▼▼▼

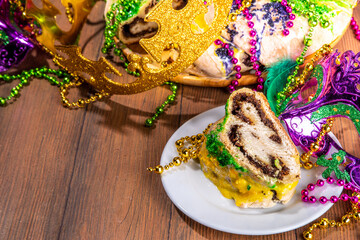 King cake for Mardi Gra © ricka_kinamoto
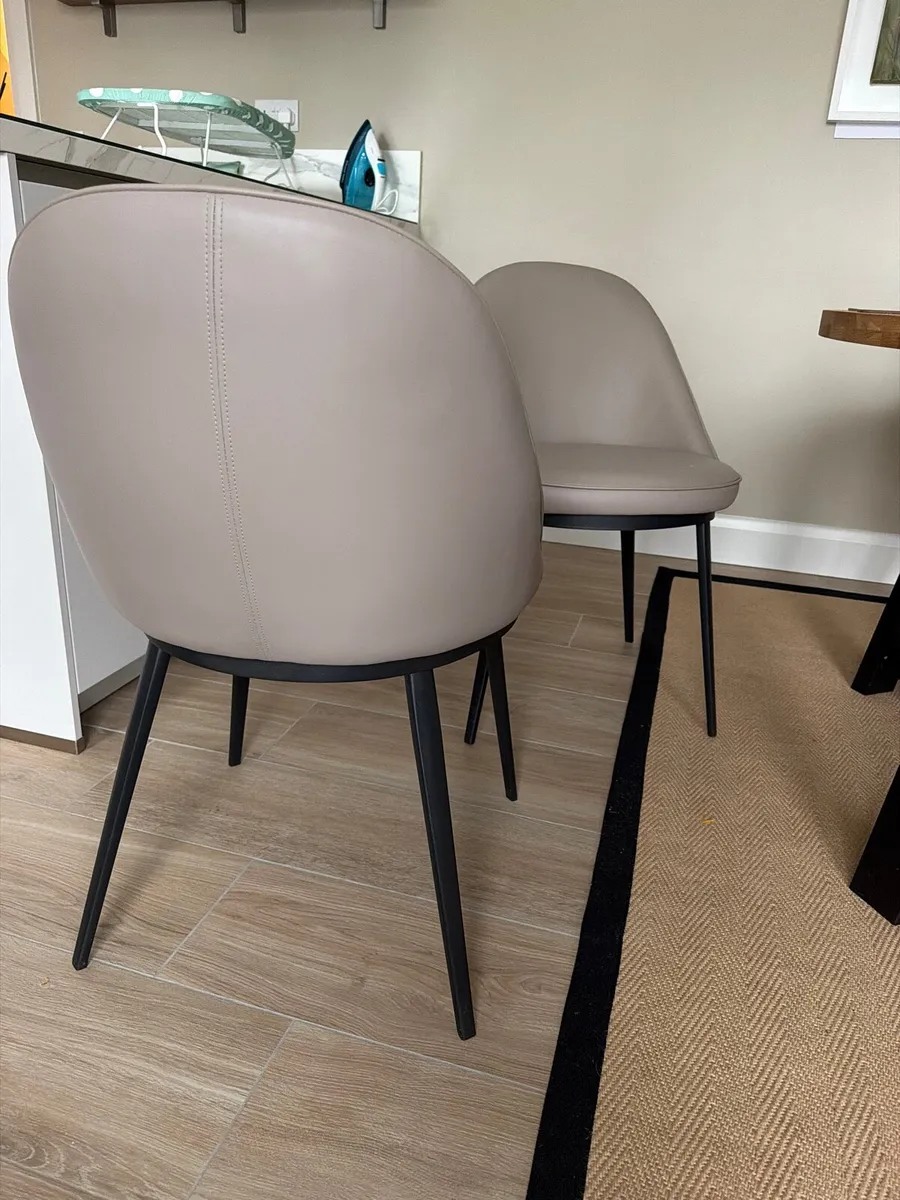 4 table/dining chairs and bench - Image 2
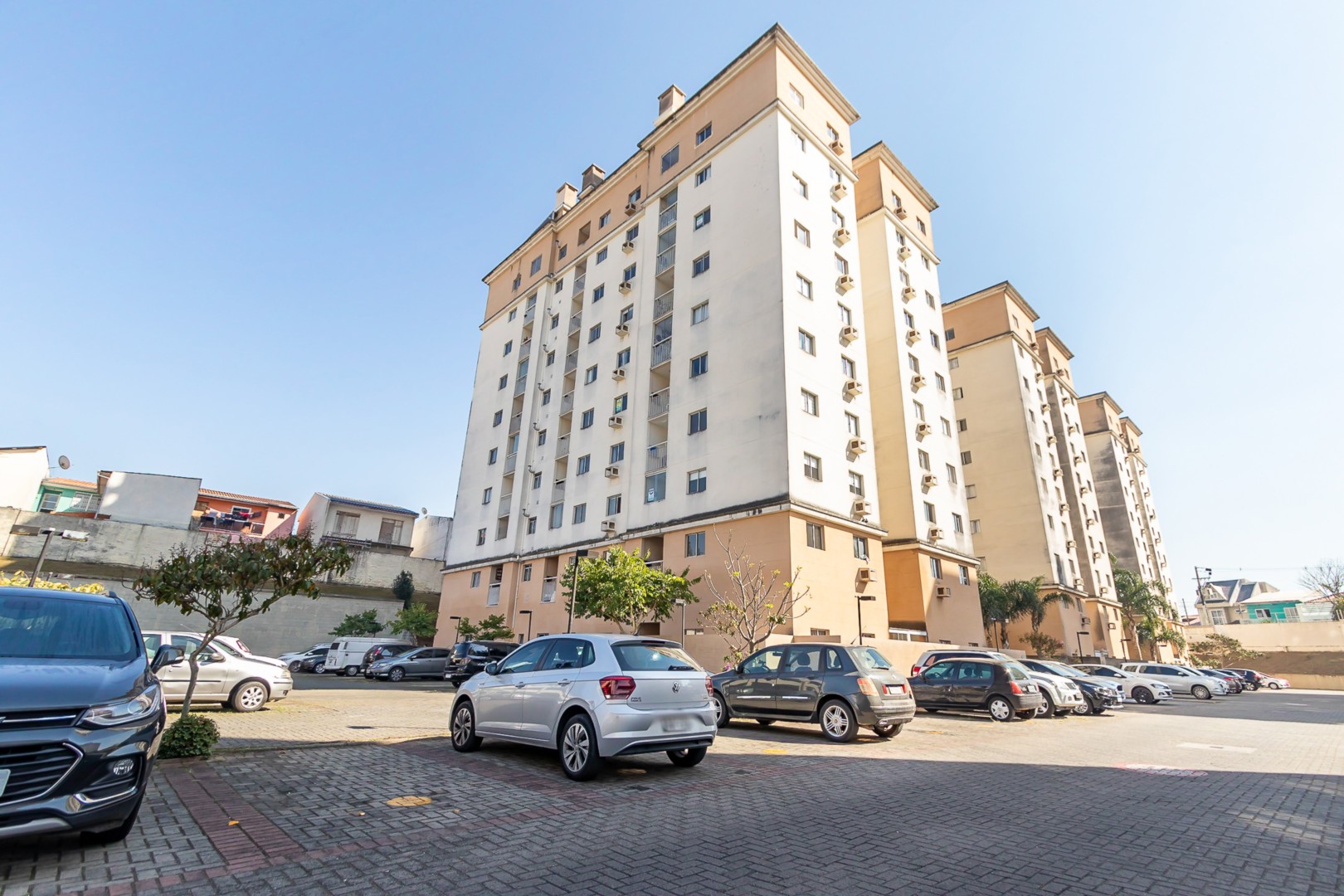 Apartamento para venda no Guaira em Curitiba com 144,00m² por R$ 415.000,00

▲▲▲
▼▼▼

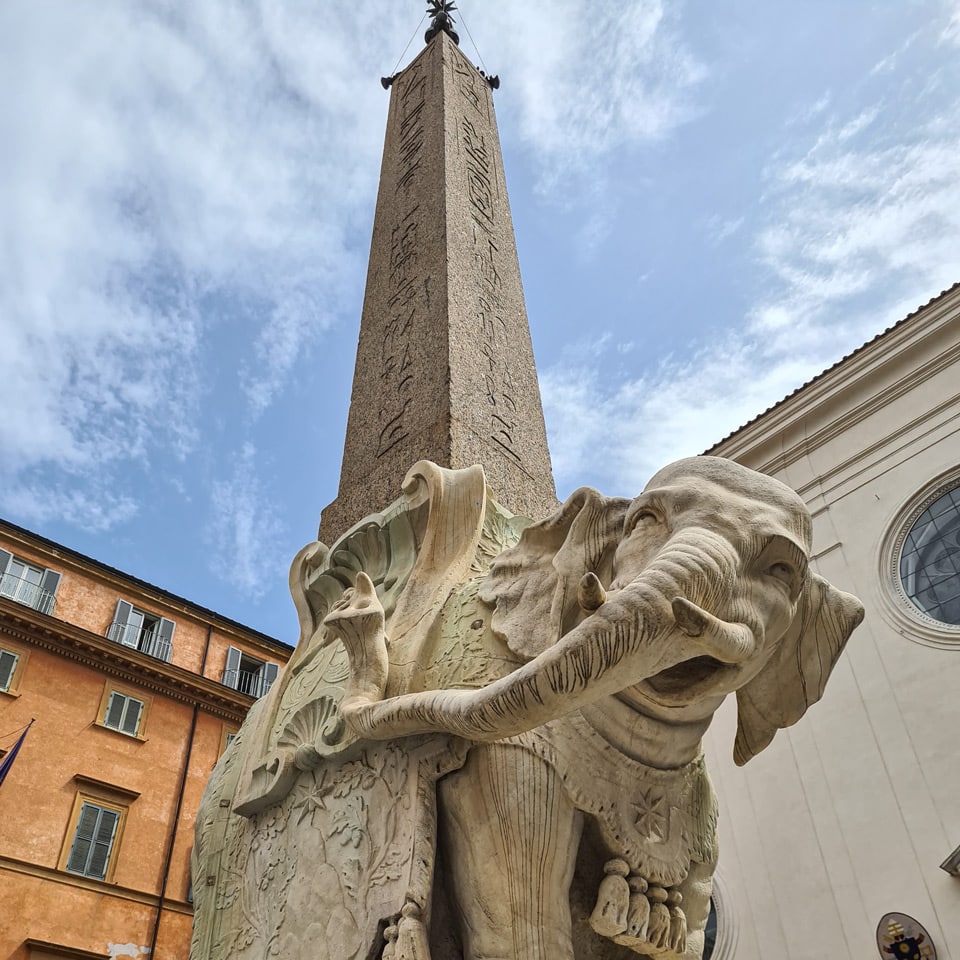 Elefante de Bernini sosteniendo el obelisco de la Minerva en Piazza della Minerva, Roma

▲▲▲

▶ WHAT TO DO
Within the listing above, the stretch from the line with "4 table/dining chairs and bench - Image 2" down to the line with "Apartamento para venda" is to be given again exactly, end lines included and pictures excluded.

▶ TASK RESULT
 4 table/dining chairs and bench - Image 2
 Apartamento para venda no Guaira em Curitiba com 144,00m² por R$ 415.000,00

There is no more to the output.